Personal details
- Born: 1958 or 1959 (age 67–68)
- Party: Nationalist Congress

= Adolf Lu Hitler Marak =

Indian politician (born c. 1958)

Adolf Lu Hitler Rangsak Marak (born c. 1958) is an Indian politician of the Nationalist Congress Party who served as an environment and later cooperation minister until 2003 in the Government of Meghalaya.

==Biography==
As a member of the Nationalist Congress Party, Marak served as forest and environment minister in the government of E. K. Mawlong and later as cooperation minister under Chief Minister Flinder Anderson Khonglam.

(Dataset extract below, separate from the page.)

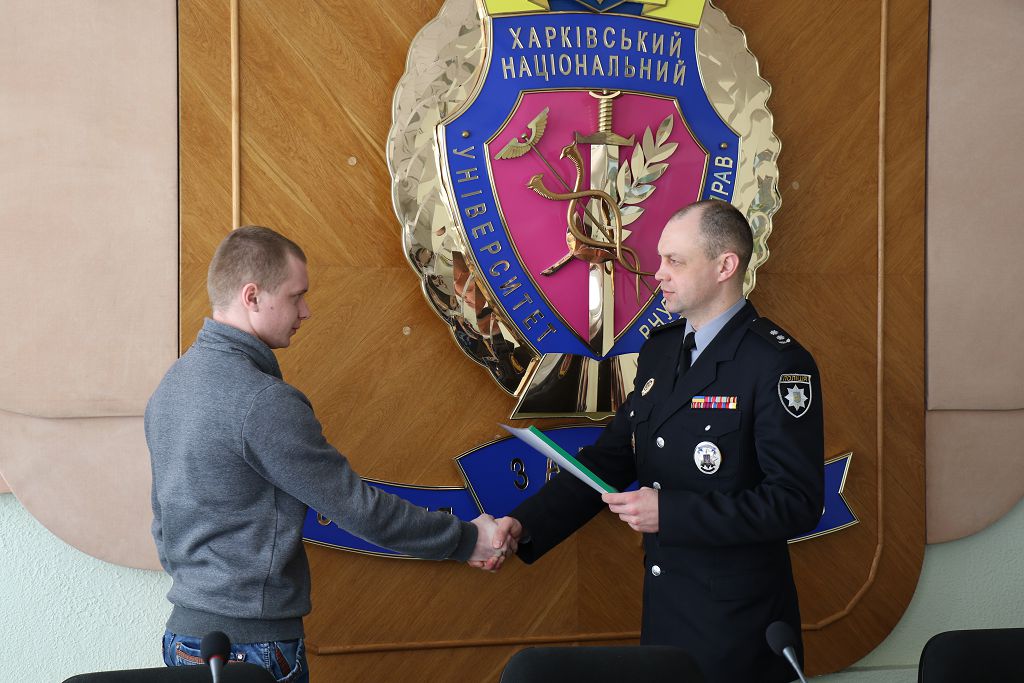 Випуск працівників Управління патрульної поліції у м. Полтава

He lost his seat in the state assembly following the February 2003 elections. On 27 June 2003, he was arrested on charges of maintaining links with the banned militant group Achik National Volunteers' Council. He was released on bail about a month later. The following year he lost the Garo Hills District Council election for the Dengnakpara G.D.C. constituency to Roster Sangma of the Congress. He lost the 2003 legislative election by just over 300 votes to Zenith Sangma.

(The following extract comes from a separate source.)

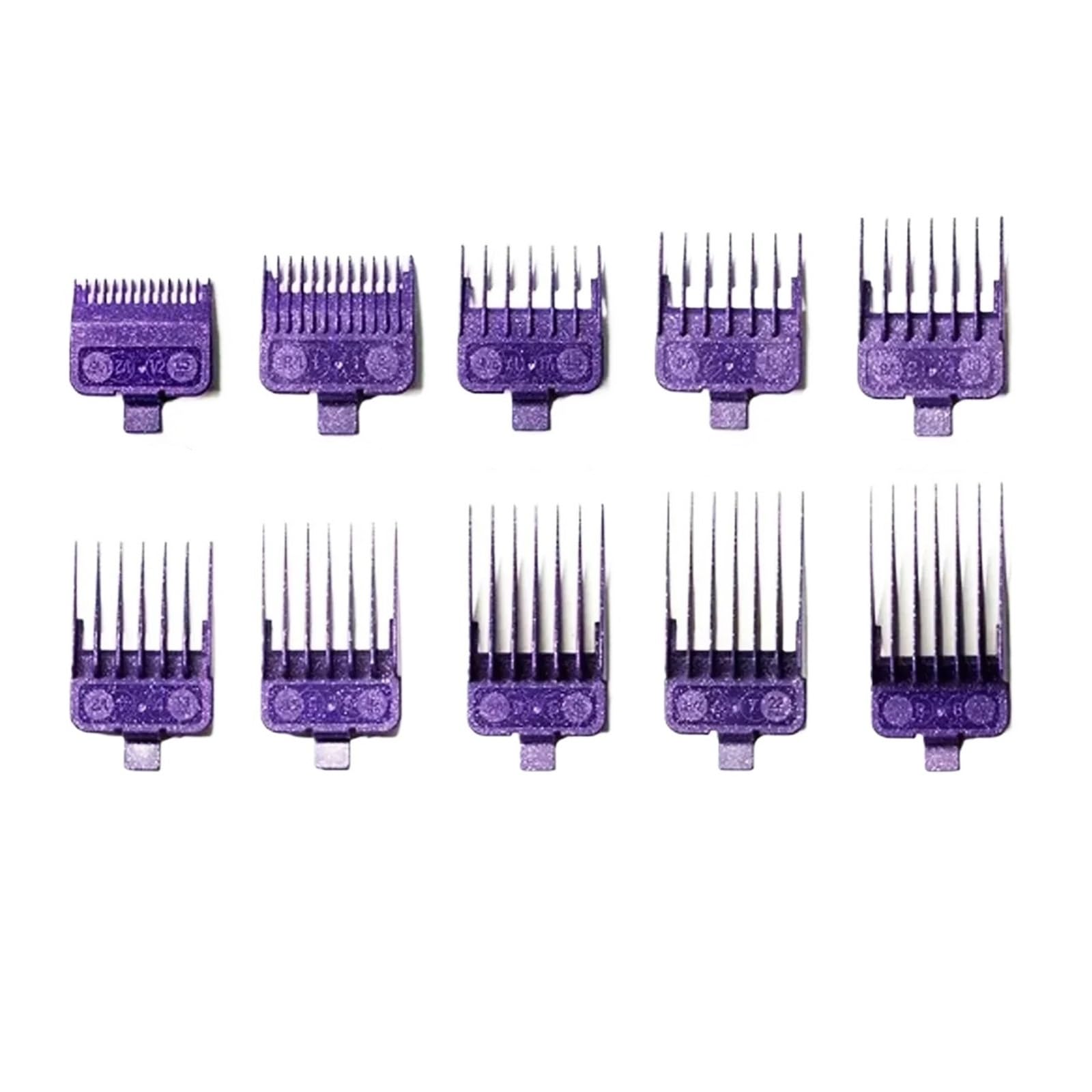 10 Uds. Peines De Corte De Pelo Protectores Morados M10 M5F Peines De Límite De Cortadora De Pelo Profesional Accesorios De Peluquero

During the 2008 assembly elections in Meghalaya, he was arrested for violating the model code while campaigning, leading to the newspaper headline, "Adolf Lu Hitler arrested by John F Kennedy", as Kennedy was the name of the police superintendent. He reemerged as the victor in the 2008 legislative elections.

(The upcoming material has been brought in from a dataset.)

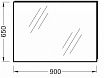 Зеркало Jacob Delafon Ove EB1083-NF 90 см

In 2022 he joined the Trinamool Congress.

==Name==
In regard to his controversial name, Hitler Marak told the Hindustan Times, "Maybe my parents liked the name" and said, "I am happy with my name, although I don't have any dictatorial tendencies". He said immigration staff has asked about his name "many times" while traveling, but he tells them he "didn't have a role" in choosing it and has never struggled to obtain a visa.

In February 2013, it was widely reported in international media that Marak would be running again for the state assembly in Meghalaya, against some other oddly-named candidates, such as Frankenstein Momin and Billykid Sangma.